St Benedict makes a number of references in his Rule to ‘real’ monks who stormed the bastions of the spiritual life. Equally, he is constantly referring to and making provisions for his monks who are far from perfect. So it is good to have a rule about how much each monk should drink each day, but that rule can be changed depending on local circumstances. There is a flexibility and humanity about Benedict’s monastic living which explains why the Rule of St Benedict became the dominant monastic rule within the Church.

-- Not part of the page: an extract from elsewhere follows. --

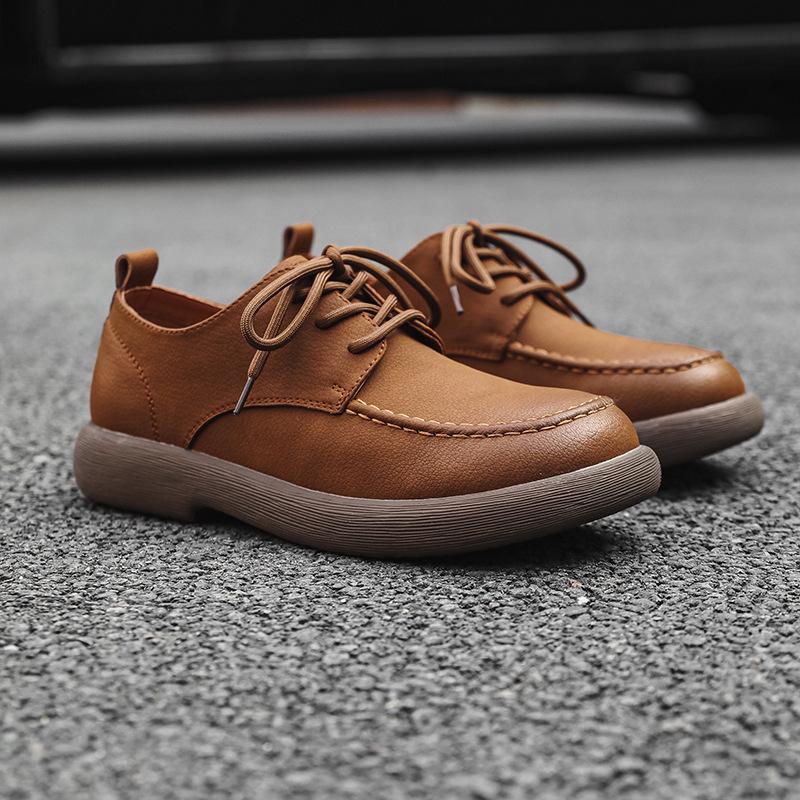 

Casual leather shoes men s breathable leather surface 2025 spring and autumn simple brown leather shoes rubber soft sole men s casual single shoes 44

In the Lay Community of St Benedict, members don’t pretend to be monks or nuns, but we do claim to be inspired by the Rule of St Benedict and by the lived example of those who live in Benedictine monasteries and abbeys today. In the Promise we make when we become members or renew our membership, we pledge to live a Christian life ‘in ways in which my circumstances allow’. Like St Benedict in the Rule, we recognise that life is different for all of us. By coming together in community we can explore our spirituality with others for whom the Christian life is important. As St Benedict writes in the Prologue, by journeying together, ‘as we progress in this way of life and in faith, we shall run on the path of God’s commandments, our hearts overflowing with the inexpressible delight of love’.
In this year, when we celebrate 60 years of St Benedict being made patron of Europe, we hope that the Lay Community of St Benedict can make a small contribution to the path that leads us to God.